(This review was written when I was using a different, erroneous list of #1s. It now resides in the “Other Movies” category for your enjoyment. –MCS)
January 4, 1970 | 4 weeks at #1
Seen by Martin before? No
What did I expect? A grueling workout of a movie that makes a blisteringly downbeat point about American society.
What did I get? They Shoot Horses, Don’t They? is a very impressive piece of work indeed, attention-getting and disturbing. It’s intense and expertly crafted, but it’s ultimately undermined by the shallowness and obviousness of its central point — that American capitalism inevitably leads to extraordinarily crappy relationships between human beings. According to Pauline Kael, the filmmakers made the plot considerably more cynical than the source novel, by Horace McCoy (in the book, the organizers of the dance marathon behave in a relatively honorable way). I think the limitations of the movie become clearer if one asks, What would a “realistic” and untendentious version of this movie look like? I think it’s inescapable that such a hypothetical movie would be richer and more engrossing. Perhaps our age is more immune to message-y movies — I don’t know.
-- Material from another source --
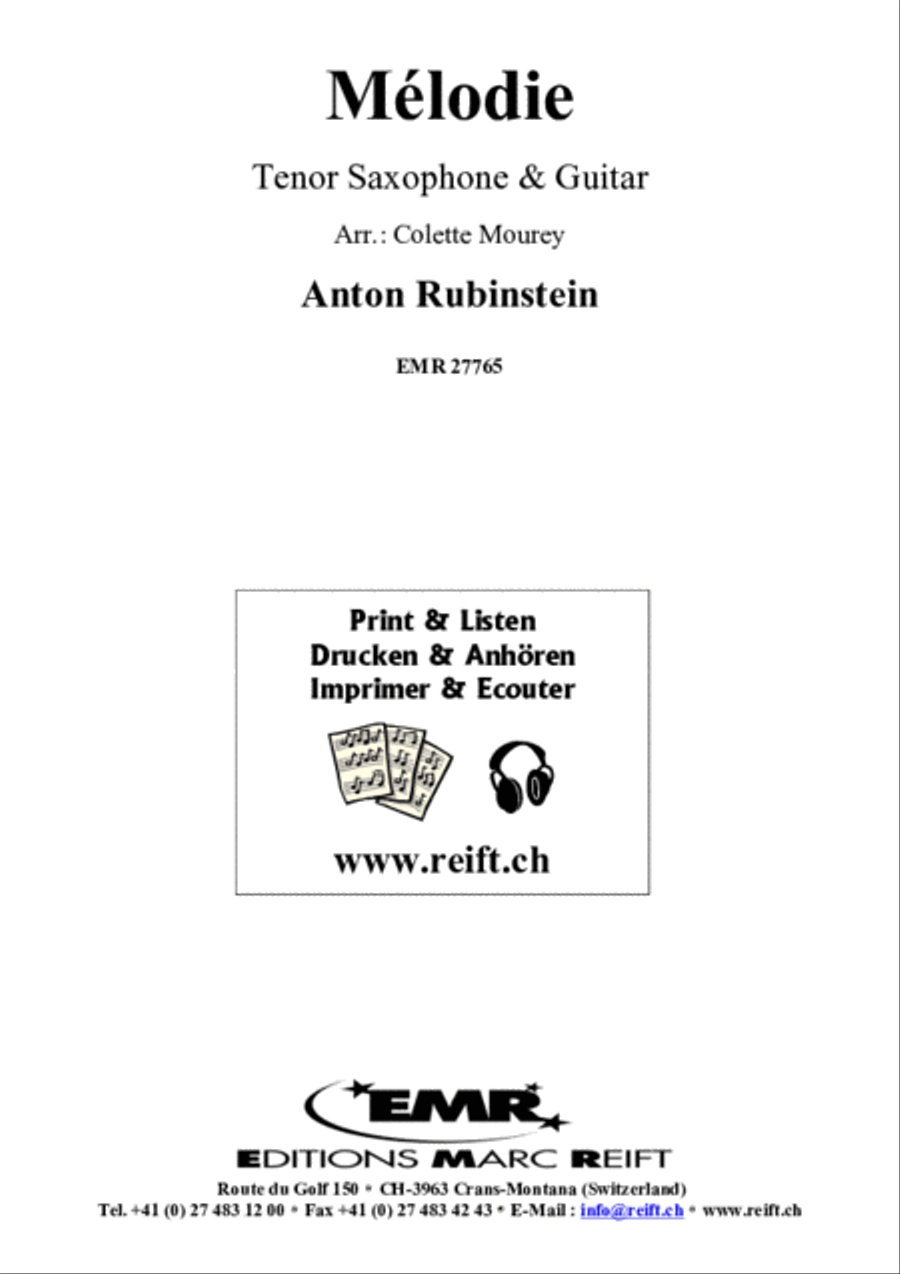 Melodie Melodie Tenor Saxophone scores gallery preview page 2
It’s a compelling movie, but one tires of the negativity before it’s over. Jane Fonda gives a very good and very brave performance, but her transition from tough cookie to (spoiler alert) defeated, eager suicide is not really convincing — which is not Fonda’s fault but that of the script, or perhaps Pollack, who still deserves credit for directing a pretty interesting movie. Meanwhile, Michael Sarrazin and Susannah York act out their respective crises a little too obviously. In short, it’s a very well put together and intelligent entertainment, but it does not rise above that, quite.
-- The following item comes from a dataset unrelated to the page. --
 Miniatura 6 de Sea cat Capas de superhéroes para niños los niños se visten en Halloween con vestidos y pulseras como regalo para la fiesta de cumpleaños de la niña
What here smacks of 1970? The pessimistic tone, as mentioned, and the big, ambitious canvas.
IMDB score: 7.9
My score: 8
Director: Sydney Pollack
Writers: James Poe and Robert E. Thompson
Starring: Jane Fonda, Michael Sarrazin, Susannah York, Gig Young, Red Buttons, Bonnie Bedelia, Bruce Dern
IMDB synopsis: Gloria is a young woman of the Depression. She has aged beyond her years and feels her life is hopeless, having been cheated and betrayed many times in her past. While recovering from a suicide attempt, she gets the idea from a movie magazine to head for Hollywood to make it as an actress. Robert is a desperate Hollywood citizen trying to become a director, never doubting that he’ll make it. Robert and Gloria meet and decide to enter a dance marathon, one of the crazes of the thirties. The grueling dancing takes its toll on Gloria’s already weakened spirit, and she tells Robert that she’d be better off dead, that her life is hopeless — all the while acting cruelly and bitterly, alienating those around her, trying to convince him to shoot her and put her out of her misery. After all, they shoot horses, don’t they?